Il tempo lo si può misurare soltanto in maniera indiretta, e il susseguirsi di una sequenza di movimenti, spostamenti, modifiche, su corpi, oggetti, paesaggi, lascia la sensazione dello scorrere di questa forza invisibile. Significativa appare la ricerca di molti artisti contemporanei che nel loro lavoro hanno provato non a rappresentare ma a presentare il tempo: osservandolo, marcando, sospendendo, condensando, o allungando il suo flusso.
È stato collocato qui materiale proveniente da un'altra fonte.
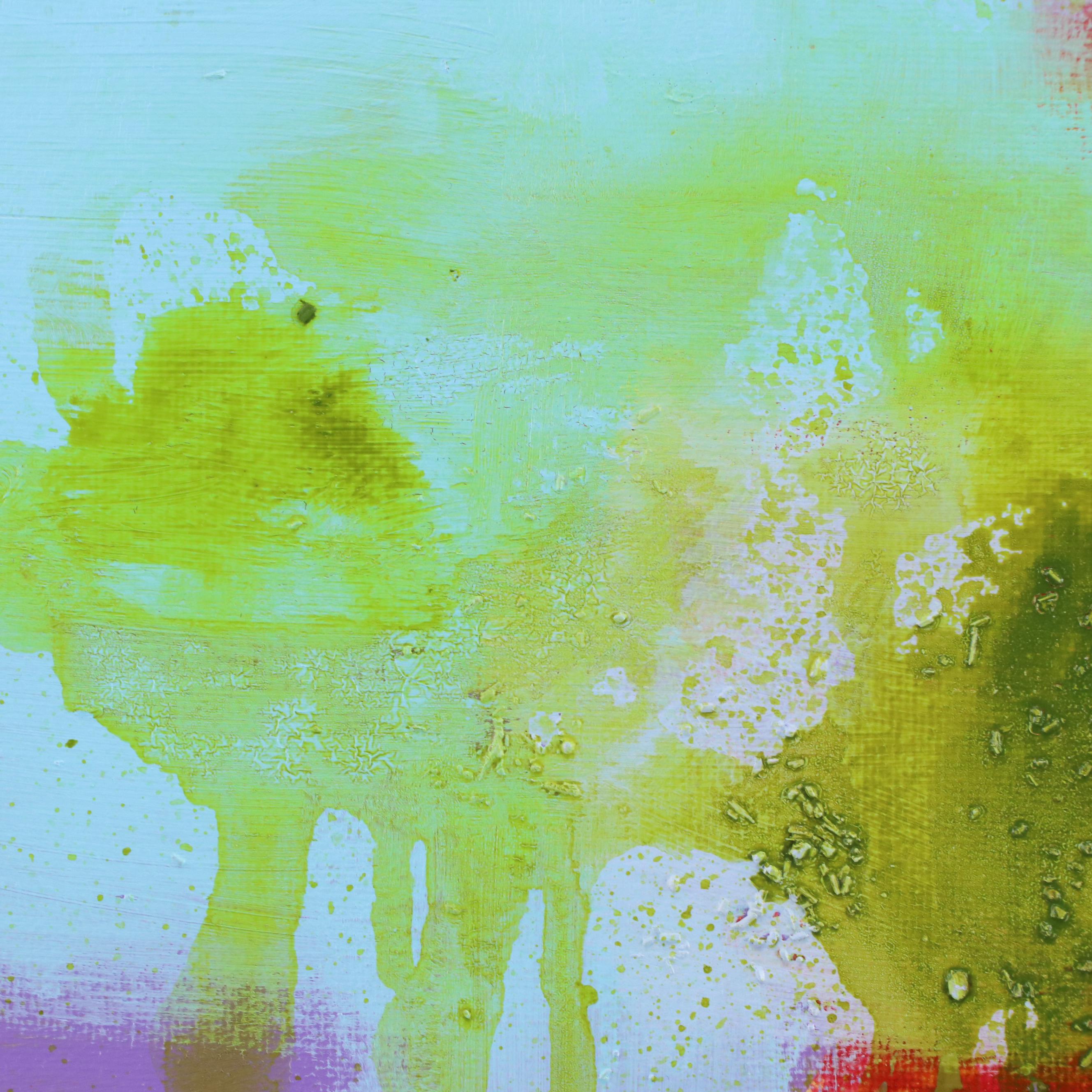 Milagros Pongo Abstract Mixed Media Painting "Windows," 21st Century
Con MICHAEL WESELY il tempo finito che diventa infinito. La fotografia che si presta a catturare il segno del tempo in un unico luogo e che sembra invecchiare proprio come noi. Rivelando che è la luce quell’elemento che segna il costante passaggio che avviene normalmente nella vita. Tra la staticità della storia e la dinamicità del contemporaneo. Wesely Michael fotografo tedesco, dopo anni di studio sulla tecnica fotografica riesce a perfezionare un metodo di cattura delle immagini con lunghissime esposizioni che possono impiegare anche tre anni di tempo.
Attraverso particolari filtri e aperture molto piccole crea delle immagini uniche e suggestive dove il tempo viene catturato nello spazio. Per la maggior parte delle persone la fotografia è la cattura di un istante, un fermo immagine della propria vita. L’immagine rappresenta un momento fermo e immobile. Il lavoro di Michael Wesely si concentra proprio sul concetto del tempo creando immagini il cui tempo di esposizione della macchina fotografica può durare anche diversi anni. Proprio in queste immagini viene immortalato il passare del tempo che rimane registrato attraverso la demolizione e la ricostruzione di edifici, le vie, le automobili, il passaggio del sole e la vita che passa.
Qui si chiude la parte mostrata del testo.